-- GIVEN RECORDS follows --
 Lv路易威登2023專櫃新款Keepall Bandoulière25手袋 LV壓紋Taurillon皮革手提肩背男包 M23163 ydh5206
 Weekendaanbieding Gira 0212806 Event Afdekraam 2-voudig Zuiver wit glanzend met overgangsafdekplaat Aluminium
-- GIVEN RECORDS concluded --
-- GIVEN RECORDS follows --
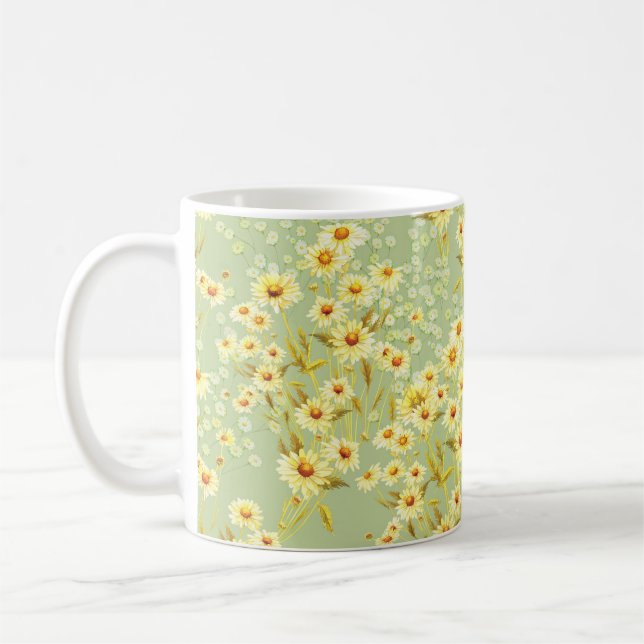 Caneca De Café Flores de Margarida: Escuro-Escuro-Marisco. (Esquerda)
-- GIVEN RECORDS concluded --
- TASK OBJECTIVE:
Beginning with the line that has "Lv路易威登2023專櫃新款Keepall Bandoulière25手袋 LV壓紋Taurillon皮革手提肩背男包" and ending with the line that has "Weekendaanbieding Gira 0212806", set down the lines above exactly and include no others.

- RESPONSE AREA:
 Lv路易威登2023專櫃新款Keepall Bandoulière25手袋 LV壓紋Taurillon皮革手提肩背男包 M23163 ydh5206
 Weekendaanbieding Gira 0212806 Event Afdekraam 2-voudig Zuiver wit glanzend met overgangsafdekplaat Aluminium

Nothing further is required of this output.